Richard Harbord: Treasury strategies, interest rates and inter-authority borrowing
0It is the time of year for the re-consideration of treasury strategies and preparation for the closing of accounts. I suspect in most authorities the changes in strategy will be minimal. It is a very difficult and uncertain time and there may possibly be some need for a re-think after the General Election or, there again, life may continue without major change. The differing approaches to the deficit and austerity do have an effect on interest rates going forward and may be material matters.
The factors which may also effect how rates move (though I think it almost certain they will move upwards and not down as has been recently mentioned as a possibility), are the various currency wars, particularly the strength of the dollar; productivity, which exists as a major threat to stability in the United Kingdom; and deflation.
Much has been said about the effect of deflation but generally I think it is unlikely to prove any sort of threat. Certainly the equity markets have discounted deflation as a real possibility. However, deflationary pressures in Europe and the United States are strong and currency wars will tend to emphasise that. In the United States as inflation has fallen to, around or just under, 1%, treasury yields have headed up and real interest rates are trending upwards.

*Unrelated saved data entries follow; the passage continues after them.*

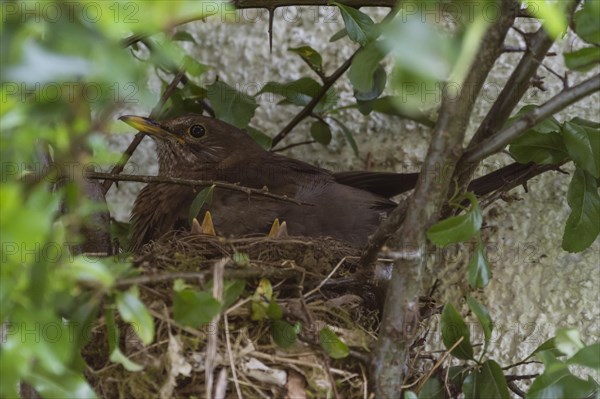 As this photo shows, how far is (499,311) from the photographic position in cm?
296

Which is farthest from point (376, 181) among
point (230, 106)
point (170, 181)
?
point (170, 181)

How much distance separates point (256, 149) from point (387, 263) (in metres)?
1.10

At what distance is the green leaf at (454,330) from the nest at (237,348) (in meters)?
0.20

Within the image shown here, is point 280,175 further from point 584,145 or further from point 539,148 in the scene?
point 584,145

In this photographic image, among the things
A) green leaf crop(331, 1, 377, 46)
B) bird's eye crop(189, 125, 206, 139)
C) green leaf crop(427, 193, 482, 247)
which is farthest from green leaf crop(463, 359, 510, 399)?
bird's eye crop(189, 125, 206, 139)

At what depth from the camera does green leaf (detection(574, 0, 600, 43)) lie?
6.22 ft

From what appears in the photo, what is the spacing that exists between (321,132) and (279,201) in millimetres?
462

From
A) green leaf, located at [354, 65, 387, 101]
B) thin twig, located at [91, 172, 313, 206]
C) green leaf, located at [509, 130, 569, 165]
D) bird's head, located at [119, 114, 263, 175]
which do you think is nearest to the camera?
green leaf, located at [509, 130, 569, 165]

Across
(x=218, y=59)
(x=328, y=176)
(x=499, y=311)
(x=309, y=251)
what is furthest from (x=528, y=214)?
(x=218, y=59)

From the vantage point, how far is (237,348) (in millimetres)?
2123

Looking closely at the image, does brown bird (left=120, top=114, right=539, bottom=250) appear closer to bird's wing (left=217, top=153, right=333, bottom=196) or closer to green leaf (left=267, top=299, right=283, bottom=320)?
bird's wing (left=217, top=153, right=333, bottom=196)

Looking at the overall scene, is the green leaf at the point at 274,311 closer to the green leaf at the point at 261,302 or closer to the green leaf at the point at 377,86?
the green leaf at the point at 261,302

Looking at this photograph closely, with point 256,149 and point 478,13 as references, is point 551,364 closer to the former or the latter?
point 478,13

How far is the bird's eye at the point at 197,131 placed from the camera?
343 centimetres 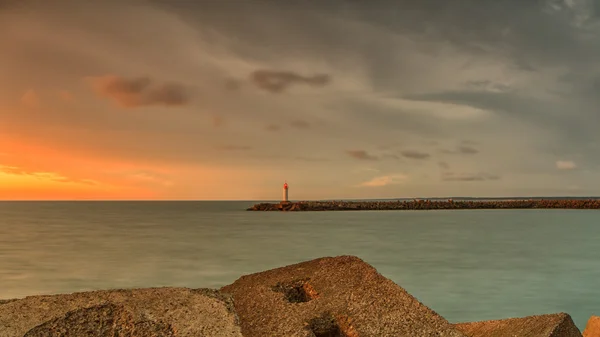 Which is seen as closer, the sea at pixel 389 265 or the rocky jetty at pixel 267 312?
the rocky jetty at pixel 267 312

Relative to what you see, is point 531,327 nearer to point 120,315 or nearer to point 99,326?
point 120,315

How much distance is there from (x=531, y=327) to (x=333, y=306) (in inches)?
87.6

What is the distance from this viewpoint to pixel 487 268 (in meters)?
19.4

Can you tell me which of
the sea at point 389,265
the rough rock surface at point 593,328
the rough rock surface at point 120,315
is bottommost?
the sea at point 389,265

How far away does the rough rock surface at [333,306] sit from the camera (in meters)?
4.07

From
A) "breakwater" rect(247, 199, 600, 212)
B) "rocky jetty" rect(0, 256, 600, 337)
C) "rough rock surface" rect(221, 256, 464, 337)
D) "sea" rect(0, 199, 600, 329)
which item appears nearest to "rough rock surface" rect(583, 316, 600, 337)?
"rocky jetty" rect(0, 256, 600, 337)

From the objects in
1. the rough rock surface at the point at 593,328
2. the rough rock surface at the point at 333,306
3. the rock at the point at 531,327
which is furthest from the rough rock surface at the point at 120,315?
the rough rock surface at the point at 593,328

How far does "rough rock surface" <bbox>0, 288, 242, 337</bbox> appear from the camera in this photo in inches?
136

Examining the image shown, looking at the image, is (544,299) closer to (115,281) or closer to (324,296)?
(324,296)

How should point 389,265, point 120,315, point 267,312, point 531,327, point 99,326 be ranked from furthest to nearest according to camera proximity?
point 389,265
point 531,327
point 267,312
point 120,315
point 99,326

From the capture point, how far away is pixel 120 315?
143 inches

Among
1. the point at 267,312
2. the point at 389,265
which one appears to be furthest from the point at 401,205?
the point at 267,312

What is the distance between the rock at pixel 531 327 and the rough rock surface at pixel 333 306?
50.5 inches

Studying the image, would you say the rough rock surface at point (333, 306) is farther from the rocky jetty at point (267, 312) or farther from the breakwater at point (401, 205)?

So, there is uncertainty. But then there always is. Increases in interest rates are likely to be fairly small, at least to start with. This is only good news for borrowers, of course, and those with surplus funds will have to be content with peanuts for some time to come.
The problem of counterparty risk remains ever present and you only have to look back just a few years to see how the number of “suitable” counterparties has shrunk. It is also interesting to see how the pressure on treasurers to maximise interest has not changed since the 1990s and the BCCI saga. There is more information available now in terms of stress testing by central banks, but the consideration of reward v. risk is ever present.
I suspect the current trend toward greater inter-authority borrowing reflects these difficulties and the safety in lending/borrowing from people you know and trust. There are also opportunities for regular relationships and direct dealing to save fees.
Briefly, what of the year end? Well it is interesting that I understand auditors have become increasingly concerned about LOBOs and it is possible that there will be increased scrutiny of those authorities who have entered into such arrangements. There seems to be a belief amongst the technical departments of the main auditors that not all local authorities are clear what they have entered in to, and have not investigated and allowed for all possible outcomes. There is even an extreme view that local authorities do not have the powers to enter into these arrangements in any case.
Unless something goes wrong I suspect that nothing will come of this. Those of us with long memories will remember how we happily no, joyfully, entered into interest rate swaps and deep discounted loans on the assumption that the general borrowing powers were quite sufficient to cover us. Indeed, most authorities simply considered such instruments as a natural evolution in the market. There was amazement when they were challenged in the courts and held to be ultra vires. Mainly because they were seen to be speculation and protection rather than centrally borrowing. The court’s judgement was total. Unravelling the instruments as demanded by the courts took 10 years. I note the LOBO market reached £7.63bn by June 2014.